Why is the algebra of bounded (left) $F$-equivariant operators weakly closed in $B(\ell^2(F))$? Let $F$ be a free group with finite rank at least two. The Hilbert space of square-summable functions $f:F\to\mathbb{C}$ is denoted $\ell^2((F))$.
Define the weak (operator) topology on $B(\ell^2(F))$ as the topology induced by the family of complex valued functionals $f:B(\ell^2(F))\to\mathbb{C}$ s.t. 
$$f:T\mapsto \langle Tx,y\rangle\in\mathbb{C}$$ 
is continuous for any $x$ and $y$ in $\ell^2(F)$. Explicitly, the weak topology may be described as the topology generated by sets of the form $f^{-1}(U)$, where $U$ is an open set in $\mathbb{C}$.
Then how to see the algebra of bounded (left) $F$-equivariant operators weakly closed in $B(\ell^2(F))$?

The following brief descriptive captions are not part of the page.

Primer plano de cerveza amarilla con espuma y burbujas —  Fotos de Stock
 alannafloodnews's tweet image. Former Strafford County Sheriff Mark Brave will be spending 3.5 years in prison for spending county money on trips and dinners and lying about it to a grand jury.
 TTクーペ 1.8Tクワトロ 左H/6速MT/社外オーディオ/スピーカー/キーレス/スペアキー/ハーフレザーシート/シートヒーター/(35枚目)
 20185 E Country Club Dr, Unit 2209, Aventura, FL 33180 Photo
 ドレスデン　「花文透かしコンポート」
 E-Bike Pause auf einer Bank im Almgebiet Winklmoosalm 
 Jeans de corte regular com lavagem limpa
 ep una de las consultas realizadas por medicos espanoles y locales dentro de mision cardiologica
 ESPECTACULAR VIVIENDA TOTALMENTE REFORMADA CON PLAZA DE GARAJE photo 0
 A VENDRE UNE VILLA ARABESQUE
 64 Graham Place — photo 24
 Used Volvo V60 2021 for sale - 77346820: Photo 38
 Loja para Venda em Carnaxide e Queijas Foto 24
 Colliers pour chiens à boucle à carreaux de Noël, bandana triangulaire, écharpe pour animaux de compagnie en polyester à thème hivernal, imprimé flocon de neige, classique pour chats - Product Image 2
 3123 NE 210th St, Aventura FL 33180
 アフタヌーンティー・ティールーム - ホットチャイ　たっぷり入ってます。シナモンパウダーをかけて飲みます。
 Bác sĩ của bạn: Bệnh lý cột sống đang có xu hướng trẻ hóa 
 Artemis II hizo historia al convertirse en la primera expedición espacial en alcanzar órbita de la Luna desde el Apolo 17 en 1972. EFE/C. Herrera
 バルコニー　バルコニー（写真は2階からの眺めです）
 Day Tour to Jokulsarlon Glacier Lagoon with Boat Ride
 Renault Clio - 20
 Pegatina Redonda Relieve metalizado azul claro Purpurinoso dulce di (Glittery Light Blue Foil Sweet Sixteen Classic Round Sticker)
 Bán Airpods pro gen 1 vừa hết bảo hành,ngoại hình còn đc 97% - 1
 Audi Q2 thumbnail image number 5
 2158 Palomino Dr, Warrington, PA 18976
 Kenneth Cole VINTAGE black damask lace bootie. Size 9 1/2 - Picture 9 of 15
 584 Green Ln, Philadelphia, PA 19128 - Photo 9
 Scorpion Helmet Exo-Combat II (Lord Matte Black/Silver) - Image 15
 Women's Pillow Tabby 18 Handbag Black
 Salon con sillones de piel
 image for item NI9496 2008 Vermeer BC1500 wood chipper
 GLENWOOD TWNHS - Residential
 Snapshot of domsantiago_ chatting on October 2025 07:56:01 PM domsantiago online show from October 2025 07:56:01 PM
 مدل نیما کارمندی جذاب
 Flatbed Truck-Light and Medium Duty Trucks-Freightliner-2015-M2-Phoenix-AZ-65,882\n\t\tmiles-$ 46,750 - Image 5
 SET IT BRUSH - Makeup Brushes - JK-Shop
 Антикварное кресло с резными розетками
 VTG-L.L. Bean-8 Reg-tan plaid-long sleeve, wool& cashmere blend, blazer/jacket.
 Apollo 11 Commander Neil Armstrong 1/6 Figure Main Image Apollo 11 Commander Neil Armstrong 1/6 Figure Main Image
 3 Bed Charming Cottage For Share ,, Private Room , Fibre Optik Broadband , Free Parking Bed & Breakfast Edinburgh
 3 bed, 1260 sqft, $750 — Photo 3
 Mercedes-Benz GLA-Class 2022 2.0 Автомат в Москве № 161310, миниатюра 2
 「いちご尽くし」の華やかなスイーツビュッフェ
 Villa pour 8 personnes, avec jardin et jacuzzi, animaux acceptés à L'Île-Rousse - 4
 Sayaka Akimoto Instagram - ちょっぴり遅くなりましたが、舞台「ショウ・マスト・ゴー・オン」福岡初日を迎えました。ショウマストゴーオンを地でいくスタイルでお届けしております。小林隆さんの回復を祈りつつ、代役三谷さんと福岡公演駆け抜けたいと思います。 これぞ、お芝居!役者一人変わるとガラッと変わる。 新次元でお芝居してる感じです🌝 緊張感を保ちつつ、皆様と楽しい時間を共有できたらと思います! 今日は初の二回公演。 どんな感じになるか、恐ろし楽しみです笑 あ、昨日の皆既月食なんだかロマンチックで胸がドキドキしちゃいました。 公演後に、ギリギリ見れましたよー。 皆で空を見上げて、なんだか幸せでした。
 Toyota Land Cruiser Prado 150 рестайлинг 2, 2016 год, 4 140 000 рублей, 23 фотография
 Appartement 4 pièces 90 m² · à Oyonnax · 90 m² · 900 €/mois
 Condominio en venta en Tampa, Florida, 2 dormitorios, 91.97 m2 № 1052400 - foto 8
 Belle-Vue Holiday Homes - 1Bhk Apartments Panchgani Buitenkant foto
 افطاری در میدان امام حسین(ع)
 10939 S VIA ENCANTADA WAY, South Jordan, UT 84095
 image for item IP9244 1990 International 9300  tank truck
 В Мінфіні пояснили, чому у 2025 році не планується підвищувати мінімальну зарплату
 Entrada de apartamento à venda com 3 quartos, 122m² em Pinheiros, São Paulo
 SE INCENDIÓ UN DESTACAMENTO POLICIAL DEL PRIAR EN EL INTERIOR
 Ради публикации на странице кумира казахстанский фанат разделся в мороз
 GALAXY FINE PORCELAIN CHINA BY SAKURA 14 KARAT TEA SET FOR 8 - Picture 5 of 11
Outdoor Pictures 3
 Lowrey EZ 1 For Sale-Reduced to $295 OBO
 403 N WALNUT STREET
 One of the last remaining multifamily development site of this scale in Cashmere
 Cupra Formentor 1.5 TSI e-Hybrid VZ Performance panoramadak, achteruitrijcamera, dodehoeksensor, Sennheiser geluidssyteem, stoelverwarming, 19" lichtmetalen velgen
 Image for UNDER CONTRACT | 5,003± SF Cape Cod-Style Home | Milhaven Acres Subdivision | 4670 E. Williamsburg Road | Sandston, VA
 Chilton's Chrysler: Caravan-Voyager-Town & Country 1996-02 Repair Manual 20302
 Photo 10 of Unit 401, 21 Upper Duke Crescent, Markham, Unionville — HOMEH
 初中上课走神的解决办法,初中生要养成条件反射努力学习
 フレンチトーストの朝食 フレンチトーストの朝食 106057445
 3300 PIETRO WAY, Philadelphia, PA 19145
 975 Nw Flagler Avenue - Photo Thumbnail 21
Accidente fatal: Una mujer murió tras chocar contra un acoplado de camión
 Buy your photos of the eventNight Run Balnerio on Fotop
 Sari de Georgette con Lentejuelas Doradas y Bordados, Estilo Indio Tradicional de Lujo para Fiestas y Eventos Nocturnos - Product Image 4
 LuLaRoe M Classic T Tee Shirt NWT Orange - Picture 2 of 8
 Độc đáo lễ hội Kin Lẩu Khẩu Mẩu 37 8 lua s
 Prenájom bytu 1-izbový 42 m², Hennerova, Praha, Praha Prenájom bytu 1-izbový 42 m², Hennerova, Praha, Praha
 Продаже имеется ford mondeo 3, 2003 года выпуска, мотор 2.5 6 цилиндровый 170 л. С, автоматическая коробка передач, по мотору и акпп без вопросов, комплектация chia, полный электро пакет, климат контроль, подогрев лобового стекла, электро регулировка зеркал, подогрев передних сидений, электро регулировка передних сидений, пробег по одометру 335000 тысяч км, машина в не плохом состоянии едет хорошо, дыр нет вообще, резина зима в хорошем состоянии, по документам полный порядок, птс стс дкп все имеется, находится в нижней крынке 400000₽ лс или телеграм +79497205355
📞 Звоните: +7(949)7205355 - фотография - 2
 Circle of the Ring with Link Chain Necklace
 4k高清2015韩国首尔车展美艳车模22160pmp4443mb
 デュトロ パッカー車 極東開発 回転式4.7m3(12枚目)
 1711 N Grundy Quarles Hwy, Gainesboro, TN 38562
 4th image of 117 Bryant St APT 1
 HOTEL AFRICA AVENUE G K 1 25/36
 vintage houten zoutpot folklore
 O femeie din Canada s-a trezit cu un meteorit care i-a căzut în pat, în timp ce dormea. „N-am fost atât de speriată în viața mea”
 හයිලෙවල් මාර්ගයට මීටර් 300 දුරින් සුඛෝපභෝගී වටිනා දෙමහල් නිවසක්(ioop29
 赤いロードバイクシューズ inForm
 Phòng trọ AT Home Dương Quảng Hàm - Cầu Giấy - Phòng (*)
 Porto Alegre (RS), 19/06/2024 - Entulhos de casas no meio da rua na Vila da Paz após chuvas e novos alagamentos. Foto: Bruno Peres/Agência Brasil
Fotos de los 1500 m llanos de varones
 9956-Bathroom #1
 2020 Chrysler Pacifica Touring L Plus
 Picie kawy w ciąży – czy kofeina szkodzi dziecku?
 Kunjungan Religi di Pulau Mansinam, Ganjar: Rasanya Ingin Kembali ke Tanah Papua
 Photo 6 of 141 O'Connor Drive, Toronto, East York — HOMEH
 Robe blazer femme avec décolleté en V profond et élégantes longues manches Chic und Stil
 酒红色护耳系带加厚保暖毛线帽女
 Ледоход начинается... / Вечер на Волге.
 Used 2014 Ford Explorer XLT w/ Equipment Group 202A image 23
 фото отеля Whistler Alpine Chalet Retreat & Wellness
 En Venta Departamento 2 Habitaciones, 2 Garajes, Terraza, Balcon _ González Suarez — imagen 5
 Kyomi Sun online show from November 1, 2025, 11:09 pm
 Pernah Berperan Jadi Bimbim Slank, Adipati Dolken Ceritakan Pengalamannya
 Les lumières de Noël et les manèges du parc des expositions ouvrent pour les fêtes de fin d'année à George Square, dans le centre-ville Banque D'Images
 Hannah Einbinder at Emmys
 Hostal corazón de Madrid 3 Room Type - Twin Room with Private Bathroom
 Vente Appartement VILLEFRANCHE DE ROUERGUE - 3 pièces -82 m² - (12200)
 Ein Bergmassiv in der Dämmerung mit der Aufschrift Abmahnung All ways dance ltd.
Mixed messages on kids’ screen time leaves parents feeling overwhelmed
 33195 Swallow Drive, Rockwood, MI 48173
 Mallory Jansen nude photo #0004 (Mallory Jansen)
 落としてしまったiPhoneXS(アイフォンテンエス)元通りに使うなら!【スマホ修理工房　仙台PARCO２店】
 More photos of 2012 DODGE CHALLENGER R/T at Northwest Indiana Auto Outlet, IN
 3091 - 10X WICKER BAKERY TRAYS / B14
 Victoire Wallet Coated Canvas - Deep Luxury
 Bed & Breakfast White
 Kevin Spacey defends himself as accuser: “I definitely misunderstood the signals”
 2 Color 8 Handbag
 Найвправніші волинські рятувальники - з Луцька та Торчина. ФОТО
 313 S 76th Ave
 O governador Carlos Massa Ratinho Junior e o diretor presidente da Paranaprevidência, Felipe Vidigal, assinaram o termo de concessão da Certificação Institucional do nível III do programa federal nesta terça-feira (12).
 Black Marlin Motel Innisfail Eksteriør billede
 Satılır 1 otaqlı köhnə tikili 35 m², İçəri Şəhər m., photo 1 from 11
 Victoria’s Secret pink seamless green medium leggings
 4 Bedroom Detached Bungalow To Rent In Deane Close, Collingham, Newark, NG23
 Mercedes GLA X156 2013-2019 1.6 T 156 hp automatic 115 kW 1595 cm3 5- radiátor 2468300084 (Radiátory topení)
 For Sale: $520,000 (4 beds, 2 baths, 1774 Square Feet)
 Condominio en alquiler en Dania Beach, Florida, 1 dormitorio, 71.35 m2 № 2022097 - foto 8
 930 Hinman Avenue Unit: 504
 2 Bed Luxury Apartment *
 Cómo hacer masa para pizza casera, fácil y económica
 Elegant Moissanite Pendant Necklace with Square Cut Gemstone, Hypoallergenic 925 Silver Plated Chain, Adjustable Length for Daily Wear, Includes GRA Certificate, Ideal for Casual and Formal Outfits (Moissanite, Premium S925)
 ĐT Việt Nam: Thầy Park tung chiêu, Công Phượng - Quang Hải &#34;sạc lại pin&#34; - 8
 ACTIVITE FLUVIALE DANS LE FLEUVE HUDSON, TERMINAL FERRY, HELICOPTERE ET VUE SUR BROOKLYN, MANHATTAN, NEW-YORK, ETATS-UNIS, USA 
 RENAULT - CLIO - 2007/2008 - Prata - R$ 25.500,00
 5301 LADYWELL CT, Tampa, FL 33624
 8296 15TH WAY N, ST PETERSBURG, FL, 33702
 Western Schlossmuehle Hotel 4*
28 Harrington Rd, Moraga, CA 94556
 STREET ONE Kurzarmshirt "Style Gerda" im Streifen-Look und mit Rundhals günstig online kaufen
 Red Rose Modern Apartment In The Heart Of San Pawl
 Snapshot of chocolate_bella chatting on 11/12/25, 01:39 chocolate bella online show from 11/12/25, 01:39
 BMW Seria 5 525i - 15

 A: Let $T$ be an $F$-invariant linear map, this is equivalent to
$$\langle gTx,y\rangle=\langle Tgx,y\rangle$$
for all $x,y\in \ell^2(F)$ and all $g\in F$. Note that the adjoint of the multiplication with $g$ is multiplication with $g^{-1}$:
$$\langle g\cdot x,y\rangle = \sum_{a\in F}\overline{x_{ga}} y_{a}=\sum_{a\in F}\overline{x_{gg^{-1}a}}y_{g^{-1}a}=\langle x, g^{-1}\cdot y\rangle$$
It follows
$$\langle Tx,g^{-1}y\rangle=\langle Tgx,y\rangle$$
for all $x,y\in\ell^2(F)$, $g\in F$ is equivalent to $T$ being $F$-invariant.
Now let $T_\alpha$ be a net of $F$-invariant operators converging to $T$ in weak topology. Since $T\mapsto\langle Tx,g^{-1}y\rangle$ etc are all continuous it follows that
$$\langle Tx,g^{-1}y\rangle=\langle \lim_{\alpha}T_\alpha x,g^{-1}y\rangle=\lim_\alpha \langle T_\alpha x,g^{-1}y\rangle =\lim_{\alpha}\langle T_\alpha gx,y\rangle=\langle Tgx,y\rangle$$
And $T$ is also $F$-invariant. However the closure of a set is the same as all limit points of nets of that set and it follows that the closure of $F$-invariant linear maps in weak topology is itself.